Teachers should be accountable–but to whom?


This video is an MSNBC promo–anchor Melissa Harris-Perry takes the next logical step, arguing that parents need to give their children over to the collective.

The accountability movement has persuaded many people that teachers are mainly accountable to the federal government or its surrogates–and increasingly state governments have accepted their role in education as vassals of the fed. School reformers normally discuss accountability in terms of mechanisms that allow people at the center to dictate to people in the classroom.

Where do parents fit into this scheme? Increasingly, they are simply ignored. As a teacher I’ve recognized that I have various obligations–certainly to my employer, and to some degree to the various agencies that provide funds with strings attached to schools.

But I’ve always felt that the heart of my job is to be a partner with parents–that my primary accountability is to them. They bear the main responsibility for the education of their children, and my work is to assist them in their work. Such a partnership is easy and mostly delightful when teacher and parent are on the same page regarding what is good for young people. For the most part, I haven’t encountered serious conflicts with parents as to what is reasonable and desirable for their children in an English classroom.

Lately, I’m being told that I am accountable to the collective.

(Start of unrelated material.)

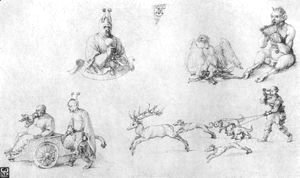 Study sheet with fools, Faun, Phoenix and Deer Hunting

I would feel better about that if I could detect the slightest trace of irony in those who say such things. But they seem serious. Zealous, even. My disquiet is fed by awareness that, historically, people who fantasize about collectives don’t rest until they include everyone. Collectives work by creating total worlds–or antiworlds, in James Kalb’s view. They aren’t self-correcting. They keep expanding until they collapse.

At bottom, collectives distrust all outsiders, because they are not based on truth and thus need to constantly repress all voices except the orthodox. The collective desires to replace all other agents as the focus of attention, and this is complicated by competing visions. For the school collectivists, a natural question is “Why should accountability to the collective stop at the school house doors?” If education is a socializing process orchestrated by experts to meet goals set by the Managers, how can parents be left out of the scheme? For those who accept utilitarian principles–which includes most collectivists–arguments about the rights of parents sound nonsensical, remnants of an old order that is rapidly fading into a new order.

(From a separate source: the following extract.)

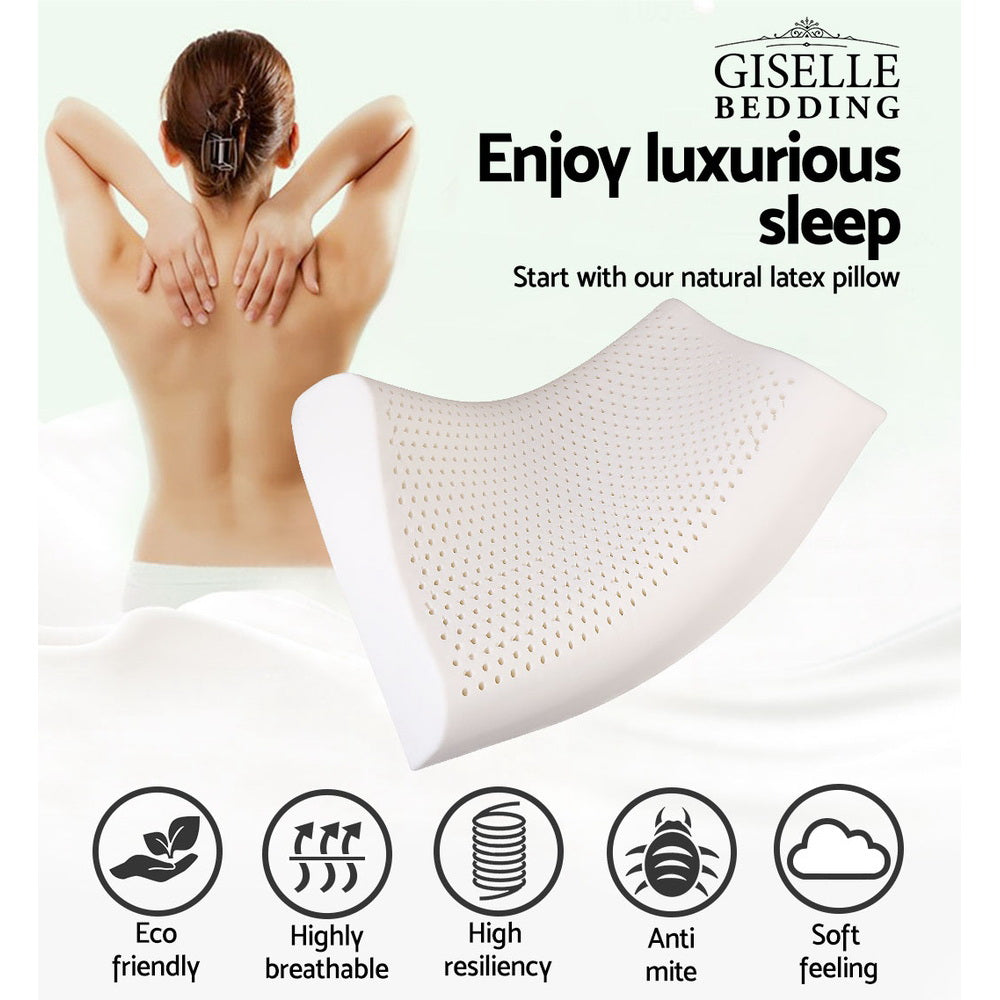 Giselle Latex Pillow Contour Latex Pillows Set of 2-Home & Garden > Bedding-PEROZ Accessories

It’s only a matter of time before the accountability movement expands to hold parents accountable. It’s the sort of reversal that lies at the heart of ideology. Old schoolers believe the government, including its schools, is accountable to citizens. Many parents still think there is more to education than a global competition to eat each other’s lunches. Such a view springs from a poorly imagined economy, based on a simplistic Darwinian psychology, that imagines the economy as a competition one either wins or loses.

Fortunately, there are other ways to live. I love my garden, but I assume others in other places can also create wonderful gardens, and I hope they do. It doesn’t detract from mine at all, and the reality that they share my love for many things makes me happy. There are no real limits to the number of jobs we can have, or the amount of wealth we can create. We do not need to eat at others’ expense, and the highest and best use of schooling is not to engage in dog eat dog competition with the rest of the world.

I want each of my students to learn as much as he or she is willing to learn, without trammeling the freedom of each person–a freedom that has deep roots in the soul. I can entice and persuade, but I cannot coerce.

I want my students to contemplate what we know of love and of justice and of fear by considering many stories, both in fiction and in history. I want to them to think of that simple progression and what it means in the many, many places we have seen it: from fear to justice and from justice to love. I want to help them deepen and broaden their understanding of human flourishing, quite beyond the skills they need for the workplace–although I also believe that work will always be foundational to the good life, and that some knowledge and skill that are useful is central to life.

I want my students to love the places they live and the people they live with, and to come to better and better understanding of how those places work and who those people are. I want their sense of community to keep expanding, to include not just those who are here now but those who were once here, and those who are yet to come. I want them to think about how to live in ways that do not depend on the destruction of other places or the impoverishment of other people.

I’m having trouble seeing how the collectivists are much help with any of this. I prefer a world in which collectivists and teachers are both accountable to parents.